Esprit du droit des contrats
L’autonomie de la volonté
Une philosophie latente inspire, dans le code civil, le droit des contrats. Elle est exprimée à l’article 1134, alinéa 1er, du code civil : « Les conventions légalement formées tiennent lieu de loi à ceux qui les ont faites ». Tiennent lieu de loi … C’est dire à quel point le législateur considère avec force l’engagement de la volonté.
On a voulu voir dans cette formule la consécration d’une théorie célèbre empruntée à la morale de Kant : la théorie de l’autonomie de la volonté. Le volontarisme est si fort que la volonté peut se donner à elle- même sa propre loi (auto-nomie). Et s’il en est ainsi, c’est parce que la volonté libre des individus ne peut que réaliser la justice. Des conséquences importantes sont déduites de cette théorie : le contrat est la source principale des obligations; le contrat est supérieur à la loi, laquelle, face aux volontés particulières, doit seulement suppléer au défaut de volonté et ne doit contrarier les volontés individuelles que lorsque l’ordre public est en cause (sur les règles interprétatives ou supplétives de volonté, v. infra, n° 425). D’où la règle suivante : « On ne peut déroger, par des conventions particulières, aux lois qui intéressent l’ordre public et les bonnes mœurs» (art. 6 c. civ.). A contrario, on peut déroger aux autres ; or celles-ci, dans un système juridique, politique, économique et social libéral, sont rares et doivent rester telles.

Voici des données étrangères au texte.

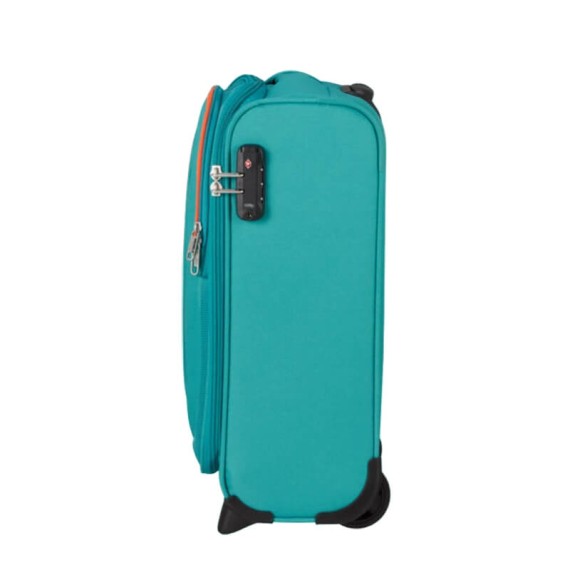 American Tourister Mala de Cabine / Trolley EasyJet SEA SEEKER Verde Água | Ref. 92MD700434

A vrai dire, dès l’époque du code civil, la théorie philosophique de l’autonomie de la volonté, si influente soit-elle dans les esprits, n’était pas consacrée par la loi. Même à l’article 1134, alinéa 1er, si la volonté tenait lieu de loi à ceux qui avaient conclu la convention, c’est à la condition que celle-ci ait été légalement conclue, ce qui laissait place à l’idée d’une prééminence du droit objectif sur le pouvoir créateur reconnu sans doute aux volontés individuelles, mais reconnu à celles-ci de manière en quelque sorte dérivée et non pas originaire. Dans cette mesure, on pouvait considérer que la théorie de l’autonomie de la volonté était trahie à la racine, si tant est qu’on ait vraiment voulu la consacrer dans la loi.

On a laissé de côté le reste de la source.